That’s prompting a greater number of renters to lock in in longer-term leases, Miller says. In January 2021, one-year leases accounted for nearly 77 percent of leases, while two-year leases were 16 percent of leases. Now, one-year leases have fallen to 43 percent of total leases and two-year leases are nearly 54 percent of total leases.
“We’ve seen the same pattern in other boroughs,” Miller says. “People are opting for longer leases in anticipation that rents are going to continue to rise.”
In Brooklyn, the situation was different compared to Manhattan. It saw the most new lease signings for the month of November in more than a decade, an increase of 21.3 percent over November 2020, and the 15th straight month that new leasing rose annually.
Still, deals are becoming more scarce: The amount of concessions fell to a record low and only a quarter of leases come with a concession, compared to over half in November 2020. Net effective median rent rose year over year for the first time in 17 months to $2,737, an increase of 4.5 percent from $2,619 in November 2020.
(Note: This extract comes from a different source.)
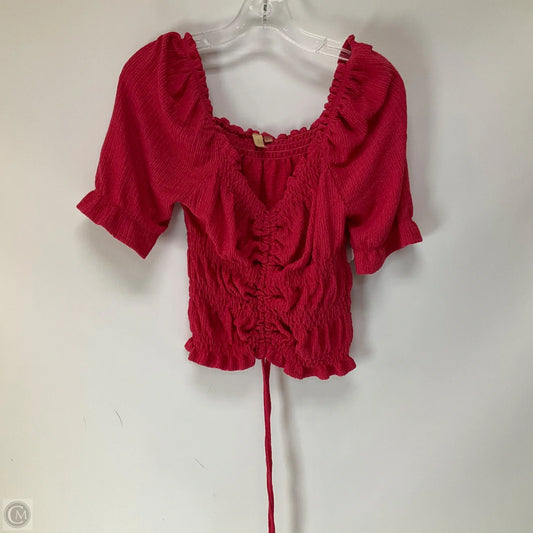 Top Short Sleeve By Pilcro In Pink, Size: S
Similarly, in the northwest part of Queens that is tracked by this report, new lease signings rose to their highest level for the month of November in a decade (however these are small numbers—which makes the percentages increases more dramatic). There were 369 new leases last month, compared to 183 in November 2020.
Net effective rent in Queens last month was $2,504, an increase of 10 percent over November 2020.
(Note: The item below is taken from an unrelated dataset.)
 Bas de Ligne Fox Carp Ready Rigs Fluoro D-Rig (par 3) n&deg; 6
“The market share of two-year leases comprised a large majority of signings, a complete inversion from the beginning of the year,” the report notes.
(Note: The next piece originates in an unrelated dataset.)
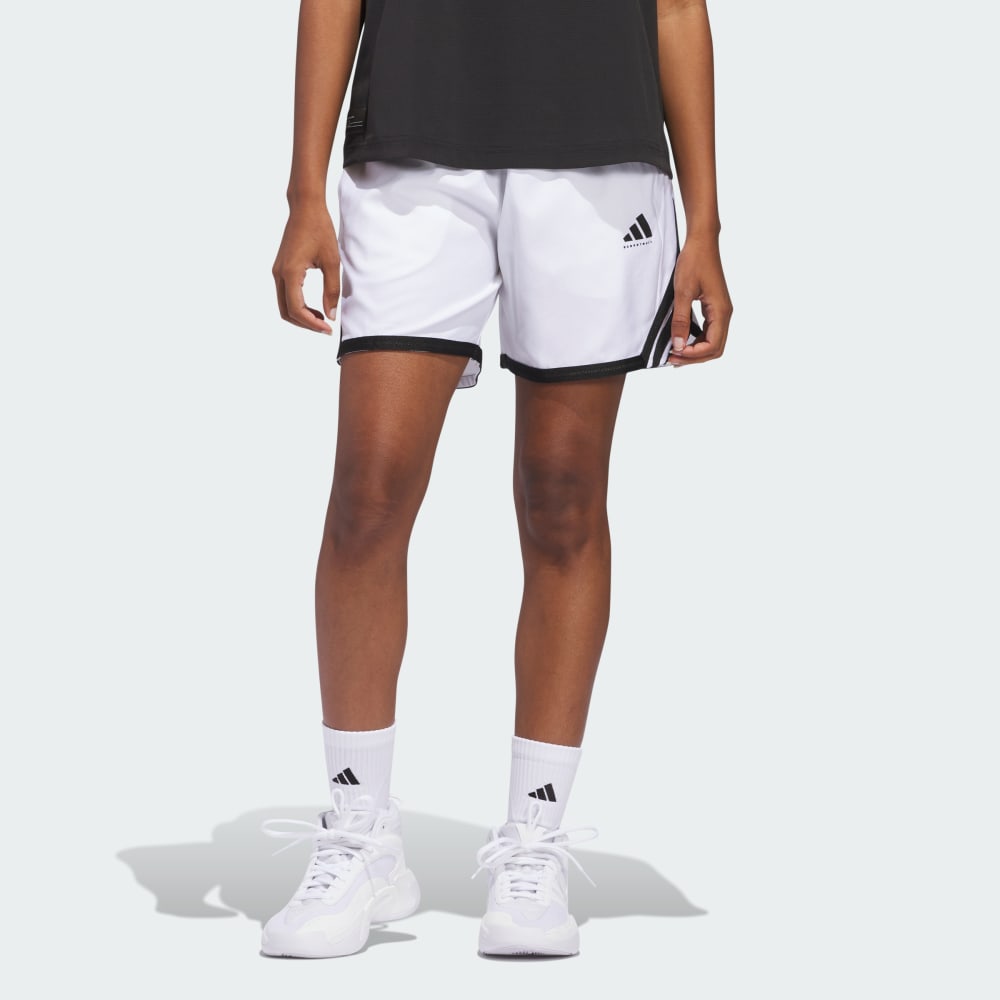 

Спортивные шорты Adidas Crazy Lite Shorts, белый/черный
The largest rent increases occurred for Manhattan three-bedroom apartments, says Gary Malin, chief operating officer of The Corcoran Group.
“However, the extraordinary leasing activity we experienced this summer is largely a thing of the past. Lower inventory and higher rents have caused traffic to moderate,” he says.
Malin says despite continued uncertainty, "the NYC rental market is in many ways back to normal."
“That’s a testament to our city’s continued desirability, and evidence of a resiliency that is quite simply, remarkable,” he says.
MNS also unveiled its November rental market reports for Manhattan, Brooklyn, Queens, and the Bronx. The reports drill down to look at rents by apartment size and neighborhood—and compare doorman to non-doorman buildings in Manhattan. Findings include: The largest monthly decreases were for Soho and Chelsea doorman studios, and Battery Park doorman two bedrooms.